Dark Matter Magazine

Submission Window: July 31, 2023-August 6, 2023 for marginalized voices; August 7, 2023-August 28, 2023 for all submitters Payment: 8 cents per word Theme: Disquieting and disturbing New Weird horror set in landscapes and communities on the edge of the sea. The Off-Season is an anthology of disquieting and disturbing New Weird horror set in landscapes and communities on the edge of the sea. These coastal stories defamiliarize the ordinary, evoke dread even in the daylight, and haunt like half-remembered nightmares.
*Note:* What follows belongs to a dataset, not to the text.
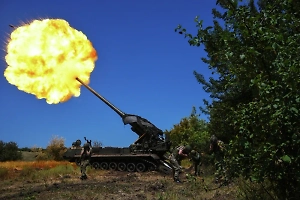 Новости СВО. Армия России уничтожила склад боеприпасов в Киеве, ВСУ бегут к Гуляйполю, Трамп давит на Зеленского, 17 сентября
Think ocean-loving cults, crumbling seaside mansions, empty resort towns, strange fisherwomen, beachside arcades, eerie lighthouses, literal tourist traps, jellyfish swarms, red tides, oil spills, intertidal zones, salt marshes, gaudy luxury hotels reclaimed by sea, the cosmic indifference of capitalism, creeping urchins, thousand-yard stares, wrecked cruise ships, weird biotech, evening dock workers, and slippery marine metamorphosis. I’m especially looking for uncanny ecology, uneasy atmosphere, and strange characters who are either transcending their environment or subsiding into it. I’d love to see unusual coastal settings from around the world, or traditionally romanticized settings transformed into places of unfamiliarity and subtle wrongness. Most of all, I’m looking for fiction that makes the reader feel uncomfortable dread mixed with intense curiosity. Not sure if your story is New Weird? New Weird is a subgenre of horror-fantasy that slides along the margins of other speculative fiction genres, subverts old tropes and conventions, and/or plays with form, style, and ideas. Its roots are in the subtle ambiguity and mystery of Weird horror and the subversive playfulness of New Wave science-fiction, but it is constantly innovating itself. For me, the best of New Weird blends the mundane with the sublime, the grimy with the divine, and the grotesque with the beautiful. It seduces and horrifies at the same time, filling the reader with a quiet kind of dread-fascination. While the genre dwells...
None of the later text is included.